It depends on the architecture.. For the moment I assume x86 architecture (aka SSE).
You can get factor four on tight loops easily. Just replace your existing math with SSE instruction and you're done.
You can even get a little more than that because if you use SSE you do the math in registers which are usually not used by the compiler. This frees up the general purpose register for other task such as loop control and address calculation. In short the code that surrounds the SSE instruction will be more compact and execute faster.
And then there is the option to hint the memory controller how you want to access the memory, e.g. if you want to store data in a way that it bypasses the cache or not. For bandwidth hungry algorithms that may give you some more extra speed ontop of that.

What's a good multi-core 64-bit "Hello World" program?

I recently got my home PC upgraded to a quad-core CPU and 64-bit OS. I have some former experience with C/C++ and I'm really "itching" to try exercising some 64-bit CPU capabilities. What's a good "Hello World" type program that demonstrates 64-bit multi-core capabilities by doing some simple things that don't work well at all in 32-bit single-core code?
I'm just trying to get a "feel" for how these new CPUs can impact the performance of C/C++ code in extreme cases.
OpenMP would be an easy way to play around with multicore programming in C++. The wikipedia example doesn't really do anything processor intensive, but you could replace the 'cout' with some independent, long-running function.
OpenMP
As far as 64-bit, a lot of your performance increase is going to come from a few places.

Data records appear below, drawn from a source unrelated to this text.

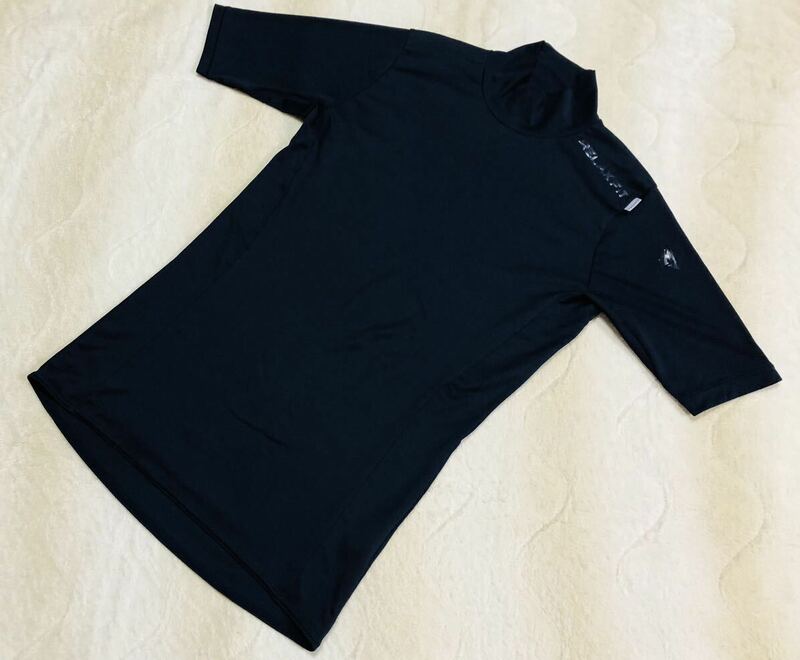 ☆DESCENTE☆デサント Relax Fit 半袖 ハイネック Tシャツ M 紺系 アンダーシャツ ストレッチ トレーニング インナー 野球 DOR-A7335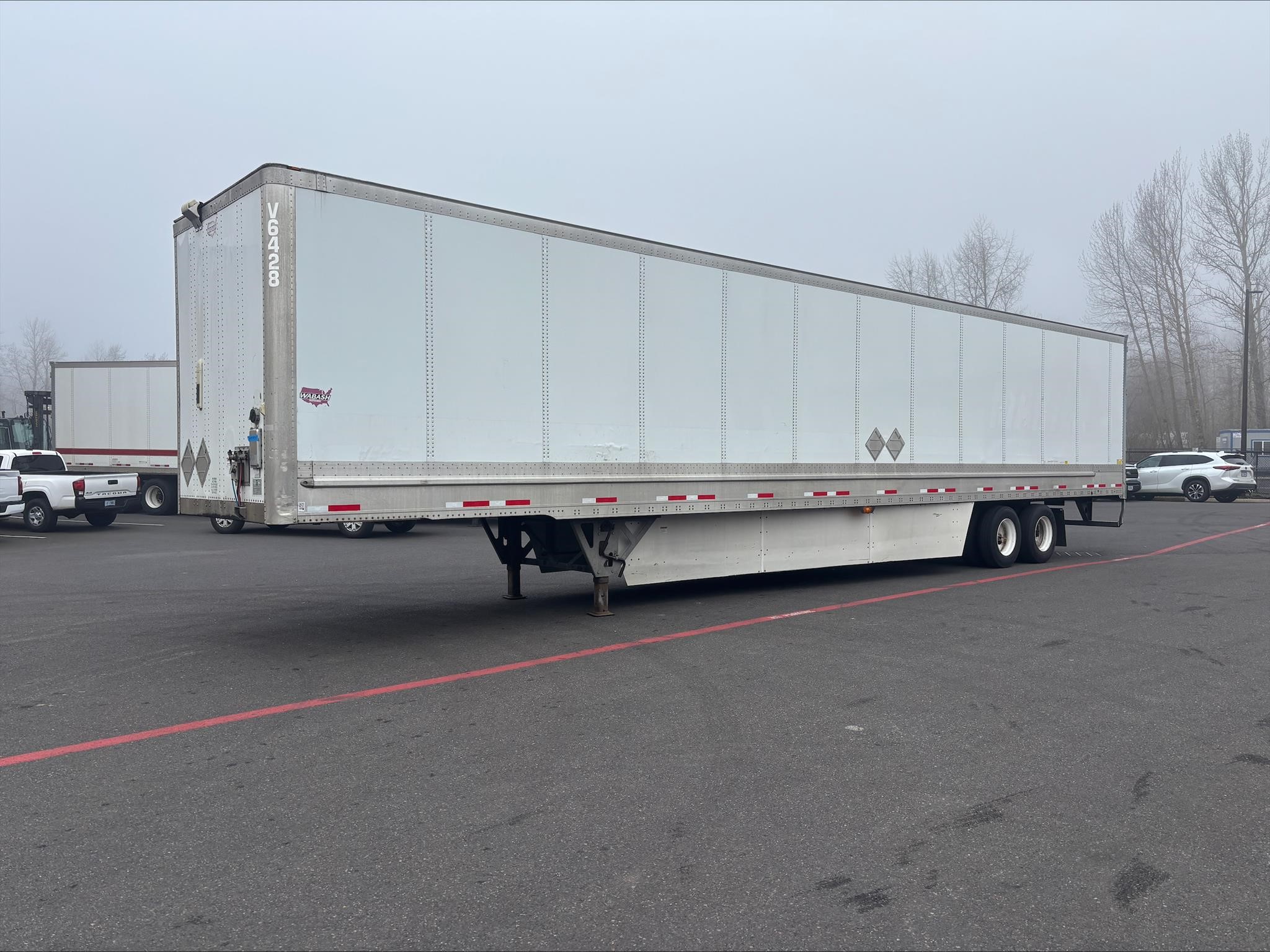 2017 WABASH 53' TANDEM SPRING RIDE DRY VAN 9049472135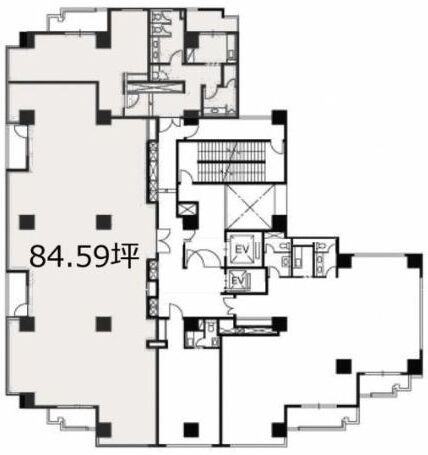アクシア青山 3階 平面図
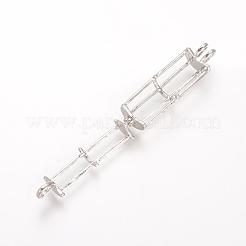 合金アロマペンダント  ケージペンダント  コラム  プラチナ  41x11.5x9mm  穴：3.5x4.5mm  インナー対策：29x8.5mm&nbsp;PALLOY-S062-35P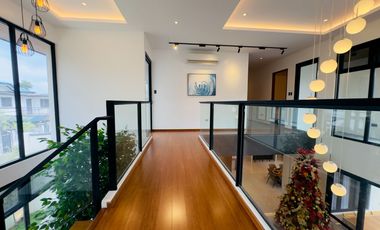 Modern Tropical Asian Design Fully Furnished 2Storey Corner House and Lot with Pool for Sale in Pasong Tamo, Quezon City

Increased throughput, because all data elements are wider the processor can process more data in any given clock cycle. Take a look at some of the Microsoft benchmarks for Exchange Server, they have now moved to support 64-bit only because the throughput increases are incredible.
More registers, since the 64-bit architecture has a large number of registers most function parameters and the return value can be passed using registers.
In the x86 ABI with some calling conventions one or maybe two parameter could be passed via registers and the rest have to be pushed onto the stack. With a common calling convention like cdecl not a single parameter or return value is placed in a register. Since the stack is located in main memory this can be a big performance hit.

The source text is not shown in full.